§ **INPUT**
*** Block opens ***

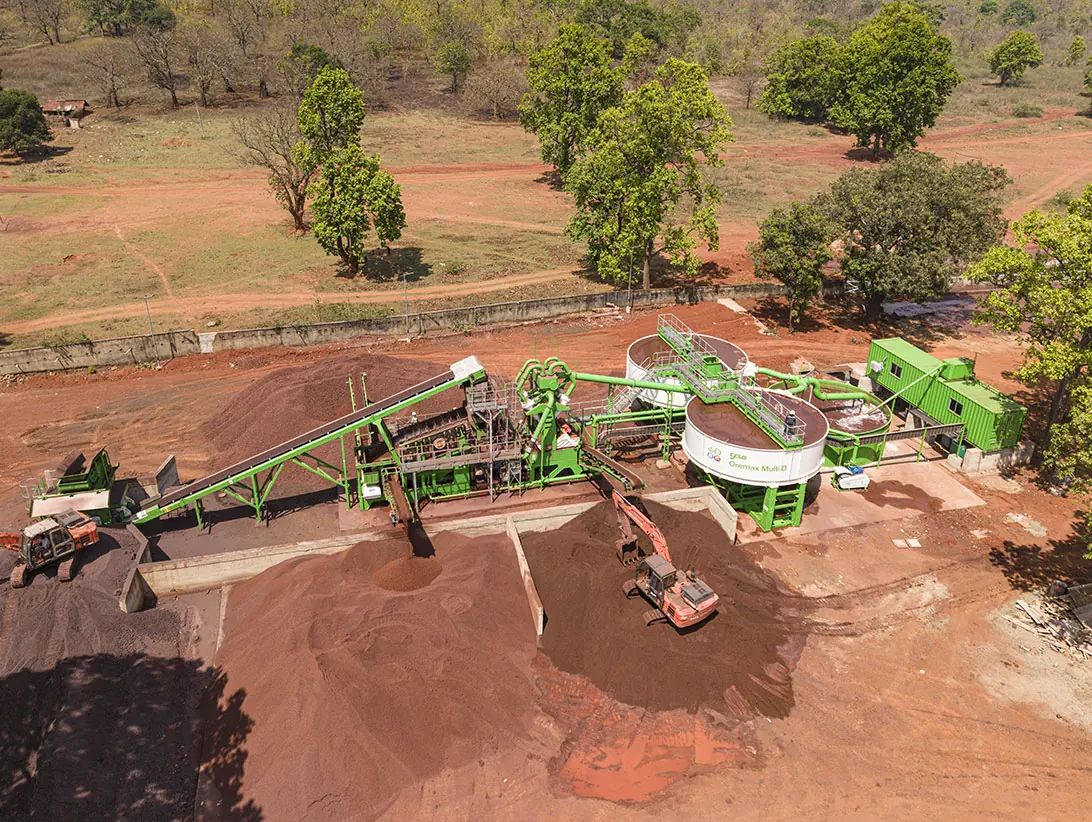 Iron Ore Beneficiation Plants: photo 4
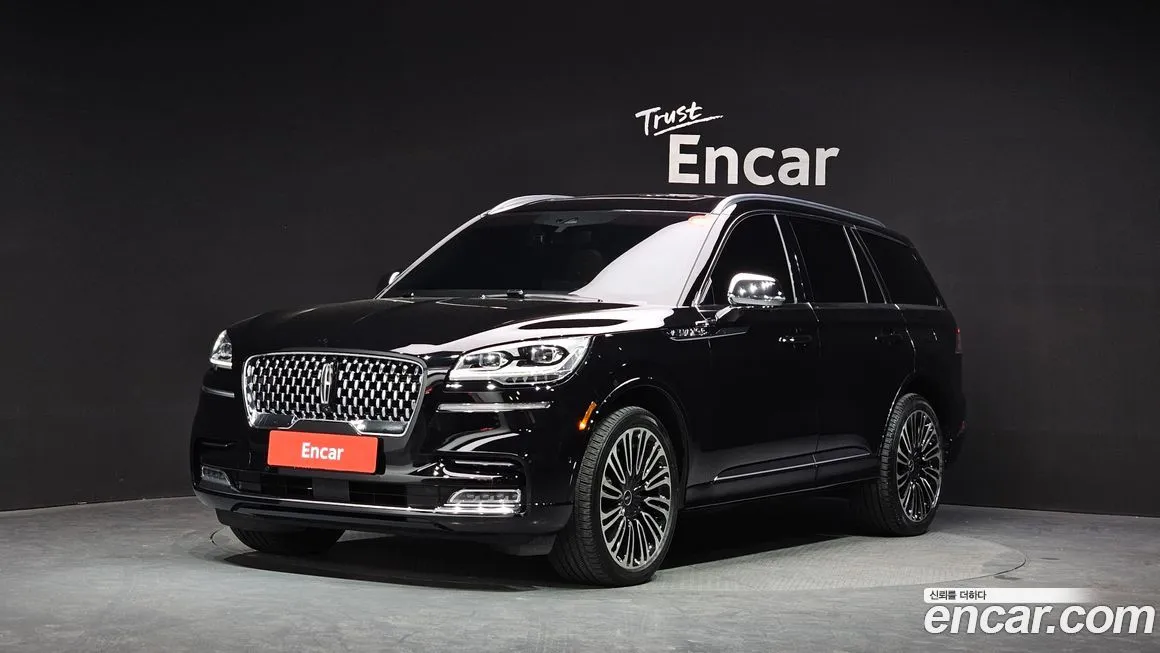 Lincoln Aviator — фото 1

*** Block closes ***
*** Block opens ***

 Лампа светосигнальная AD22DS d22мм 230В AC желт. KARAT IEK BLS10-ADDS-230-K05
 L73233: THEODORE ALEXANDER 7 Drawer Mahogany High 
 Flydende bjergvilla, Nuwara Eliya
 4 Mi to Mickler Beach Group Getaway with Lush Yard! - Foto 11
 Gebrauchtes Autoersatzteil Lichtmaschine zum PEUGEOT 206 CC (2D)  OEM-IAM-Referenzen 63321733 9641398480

*** Block closes ***
*** Block opens ***

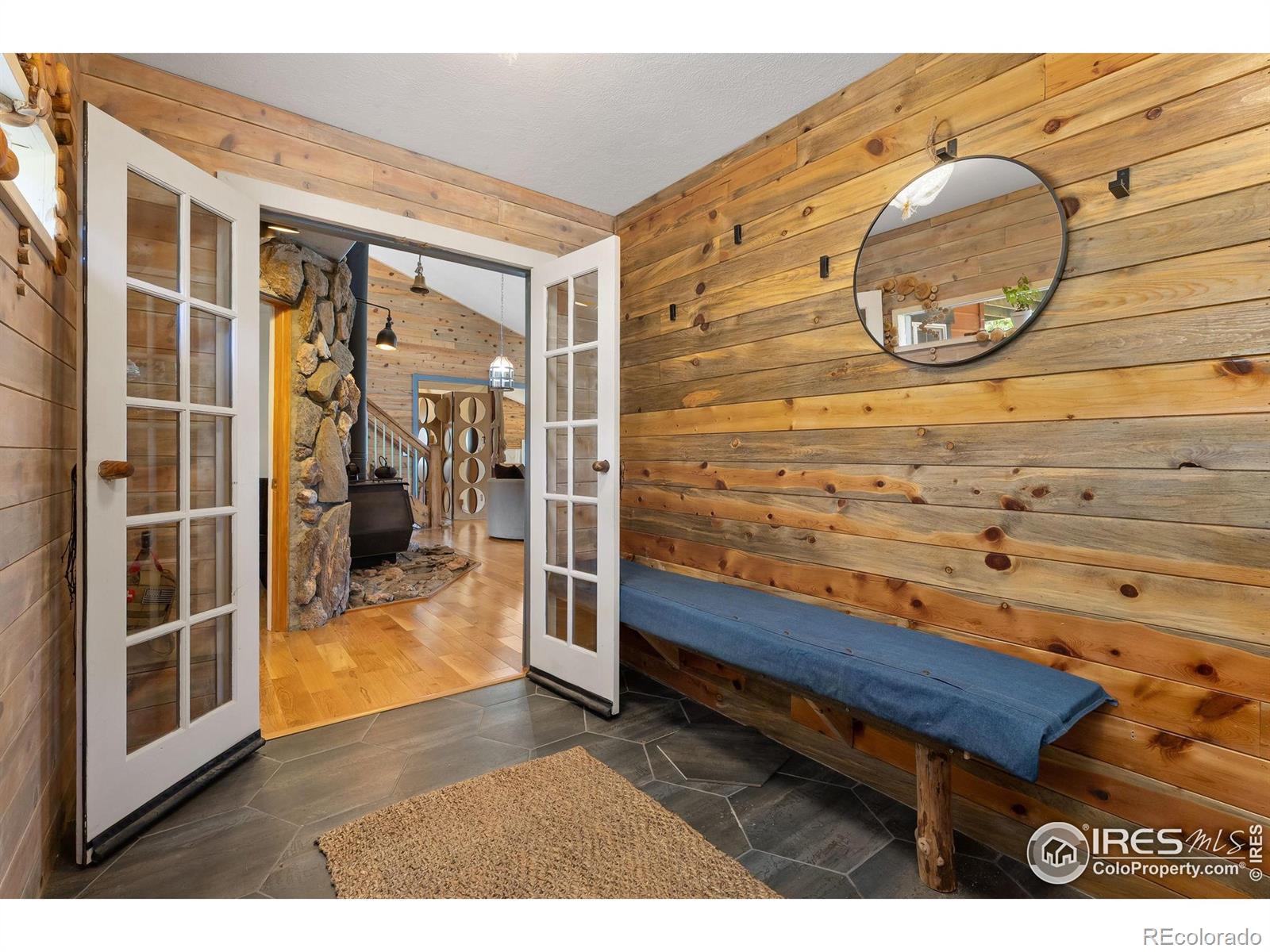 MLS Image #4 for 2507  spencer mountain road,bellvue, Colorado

*** Block closes ***

Would you output, from the records above, exactly the run of lines that starts at the line containing "4 Mi to Mickler" and ends at the line containing "Gebrauchtes Autoersatzteil Lichtmaschine", and only that run?

§ **SOLUTION**
 4 Mi to Mickler Beach Group Getaway with Lush Yard! - Foto 11
 Gebrauchtes Autoersatzteil Lichtmaschine zum PEUGEOT 206 CC (2D)  OEM-IAM-Referenzen 63321733 9641398480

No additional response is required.